C’est normal, je sais encaisser les coups et en donner… Cela prouve simplement que j’avance et que c’est très bien pour la famille. Il faut des locomotives, j’assume très bien ce rôle et le camp de Abdoulaye Baldé ne s’y trompe pas. Quant à nous nous allons dépasser nos petites divergences, parce que l’enjeu, le seul, c’est la réélection du Président Macky Sall. Abdoulaye Baldé s’est positionné comme un farouche opposant qui critique en continue les actions de Macky Sall. Mais je lui dit toujours que sa position de chef de parti n’est pas un statut.
A mon sens, le statut de maire est beaucoup plus valorisant, d’autant qu’on peut être chef d’un « parti cartable ». D’ailleurs, il est absent de Ziguinchor. Il doit d’abord convaincre les populations de Ziguinchor, avant de prétendre à quoi que ce soit au niveau national. Nous ne sommes pas convaincus par sa vision. D’ailleurs il n’en a même pas. Il n’est même pas capable de gérer l’hivernage, de prévoir le curage des caniveaux pour épargner la ville des inondations. Macky Sall n’est pas son égal.
Vous avez parlé tantôt de la réélection du président. Là vous êtes dans la coalition Benno bokk yakaar. Est il possible que Macky Sall soit le candidat de la coalition, croyez vous en la sincérité de vos alliés ?
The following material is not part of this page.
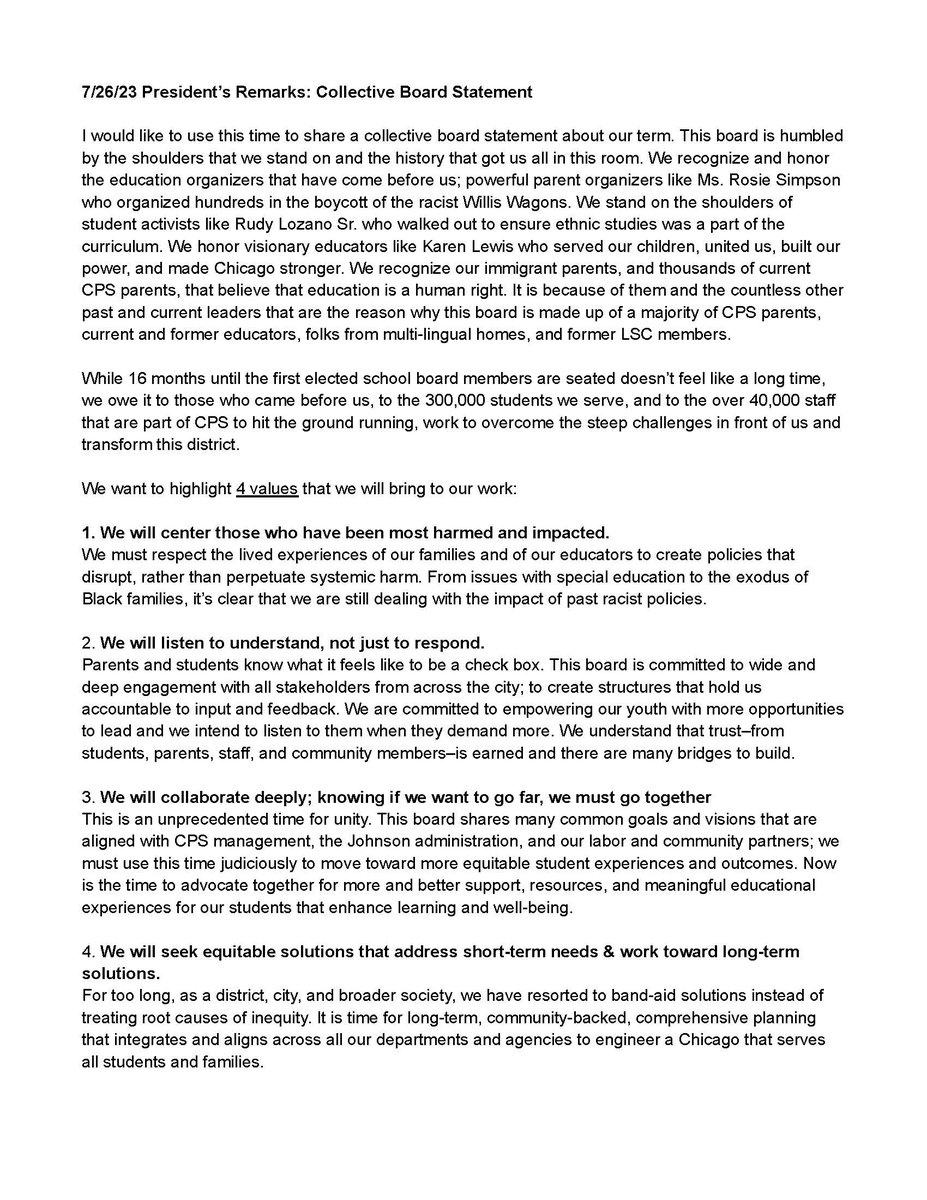 JiananShi's tweet photo. This Chicago Board of Education, for its first regular board meeting, wanted to use the President's remarks to share a collective statement about our values and initial priorities as we continue to engage the community. https://t.co/53hDissQdd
Le premier allié du président de la République, ce sont ses résultats. La première alliance, c’est avec les citoyens. Donc, c’est son bilan et la dynamique dans laquelle sera le pays qui vont être plus déterminant. C’est ce qui permettra sa réélection au premier tour. A ce titre, quelle que soit la date de ces élections, 2017 ou 2019, nous sommes très confiants. Car les résultats parlent et parleront d’eux mêmes. Les projets structurants sont en place. Sa politique sociale est une révolution. Une de mes parentes de Cabrousse qui a 63 ans me disait que depuis qu’elle est née elle n’a jamais reçu un franc de l’État. C’est grâce à Macky Sall qu’elle reçoit un transfert direct de l’État du Sénégal, avec les bourses familiales. C’est maintenant qu’elle se sent sénégalaise à part entière. C’est très important.
Comment appréhender la prochaine présidentielle et quel doit être la démarche de l’APR et de Macky Sall ?
Notre logique est de rassembler d’abord les responsables de l’alliance pour la République (APR). Nous devons nous unir pour dépasser certaines contradictions internes. Renforcer la coalition « Macky 2012 » et aller vers plus d’ouverture à l’égard de Benno Bokk Yakaar (BBY) et de tous les mouvements, partis et alliances qui sont dans la mouvance présidentielles pour aller vers ces élections. Je le crois sincèrement. Cette alliance va se faire autour du PSE. C’est cela la vraie alliance. Pour nous, c’est le plus important. D’autant plus qu’en face, il y a rien du tout, il n y a pas de projets. L’autre (Khalifa Sall), je lui dis que « Beugue Dem, Takhoula Dem, Meuna Dem Mooy Taxa Dem ». Pour Baldé, c’est une question de crédibilité et de niveau. Quant à Idrissa Seck, chacun sait qu’il ne rêve que d’être Khalife à la place du Khalife. Il ne constitue pas une alternative pour l’émergence du Sénégal.